Now some scientists think they know why. A study reported in the Proceedings of the National Academy of Sciences says that as people’s beliefs about the world around them change over time, so too does their image of God. In fact they’ll tweak both their beliefs and their image of God so as to keep the two in agreement.
“The team conducted seven studies in the US, including four in which they surveyed people about their own beliefs on controversial issues such as abortion and the death penalty. Participants were also asked about what they thought God believed, as well as famous people like Bill Gates and President George Bush [Sydney Morning Herald]. Scientists then asked the participants—all of whom believed in the Abrahamic God and most of whom were Christians—to do things that might change their minds, like writing an essay about the death penalty from the opposite viewpoint of their own. When participants changed their own opinions, their ideas of God’s opinion changed too, though their opinions of what other people thought remained the same.

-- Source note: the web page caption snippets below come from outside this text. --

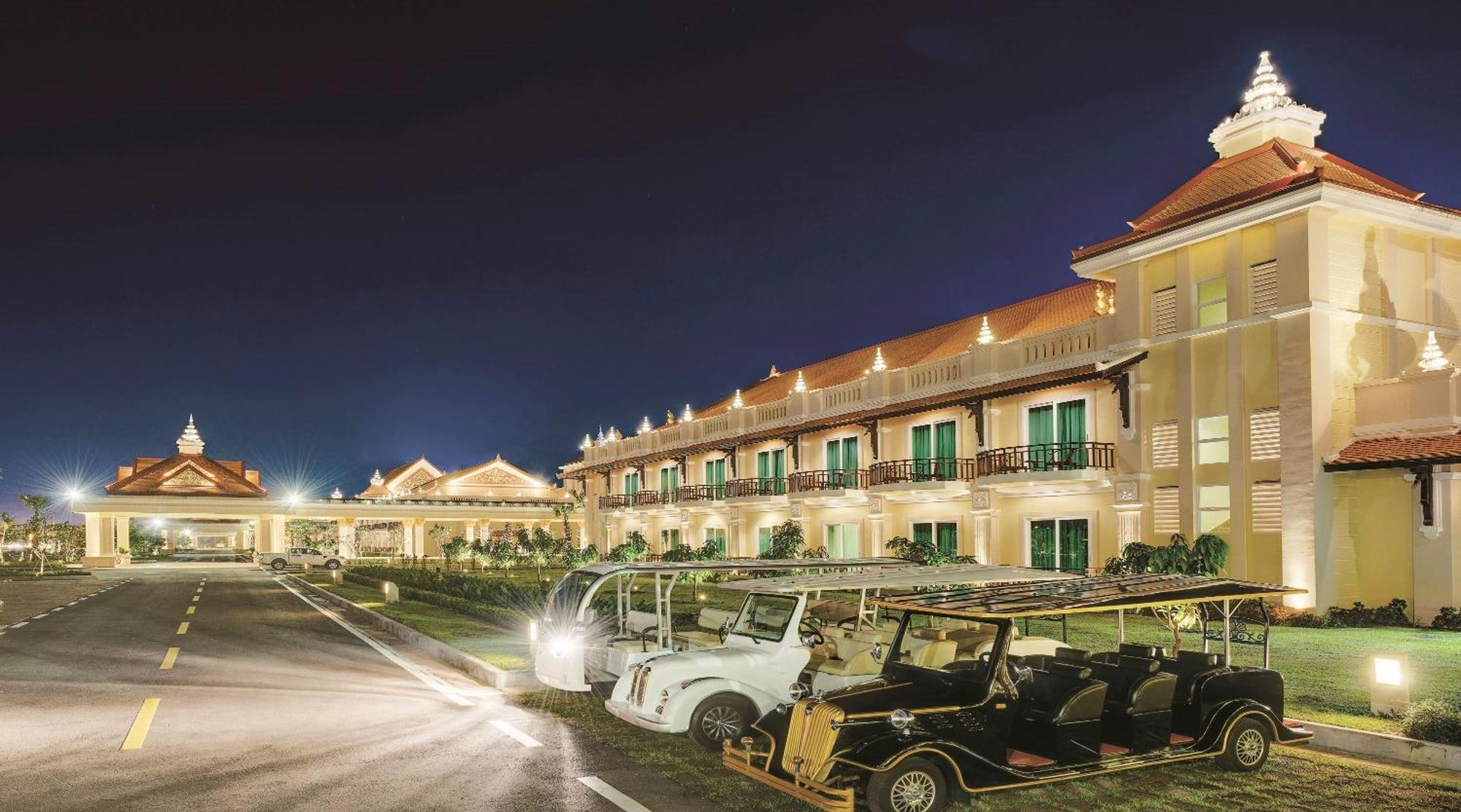 Sokha Siem Reap Resort & Convention Center Exterior photo
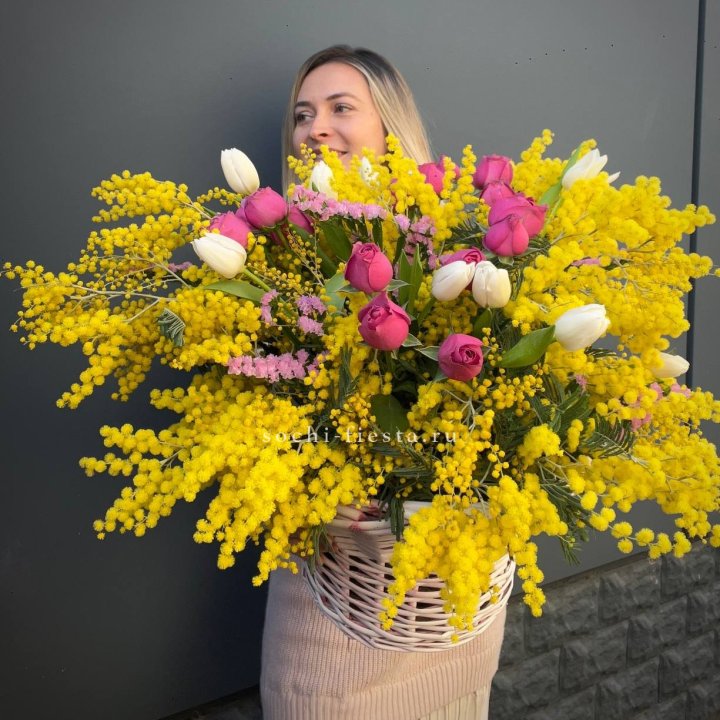 Цветочная корзина с мимозой "Спринг" в Нижневартовске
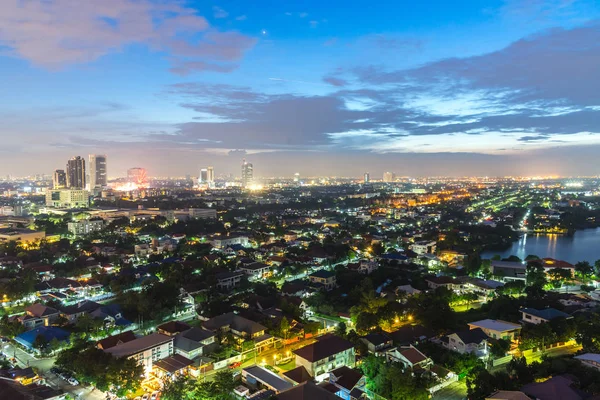 Visa att staden i Nonthaburi, thailand — Stockfoto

Finally, the team used fMRI to scan the brains of volunteers while they contemplated the beliefs of themselves, God or ‘average Americans.’ … In the first two cases, similar parts of the brain were active. When asked to contemplate other Americans’ beliefs, however, an area of the brain used for inferring other people’s mental states was active. This implies that people map God’s beliefs onto their own [New Scientist].”
The article does point out that these changes in the image of God in a person’s symbolic universe do not take place quickly, but seem to be made up of small tweaks made over time that end up nudging people’s thinking in one direction or another.
This isn’t terribly surprising. Anyone who’s ever done any scientific research or engineering work knows how easy it is to decide in advance what the correct answer is to a question and then to selectively choose the data that fits one’s presupposition. The observed value of the charge of the electron was off slightly when first measured by Michael Millikan in his oil drop apparatus. People who repeated the experiment tended to discard observations that gave the correct value and keep the observations that corresponded to Millikan’s published result. It was only over time that the consensus settled on the value we use today.
That’s why the scientific method works though – by insisting that people publish their data and their methodology – their work can be repeated and their personal errors and/or biases removed.
It seems obvious to me that we need to do the same thing in religion. The Bible functions as a collection over a long period of time and in many different contexts of humanities interactions with the Triune God. The variety of time and authors helps to remove any individual biases. It’s why the fact that there are contradictions in the Gospel accounts have never particularly troubled me.
I think the Episcopal Church’s insistence on gathering for Common Prayer using forms created through the workings of the broadest possible committee has the same effect for our human worship. Using the historical, consensual text of the Prayer Book keeps us from worshiping our own personal image of God and forces us to confront new ideas that cause us to tweak our understandings.
Hopefully, like the now accepted value for the charge of an electron, we too will begin to move toward a truer image of the God who created us and who was revealed to us in the person of Jesus.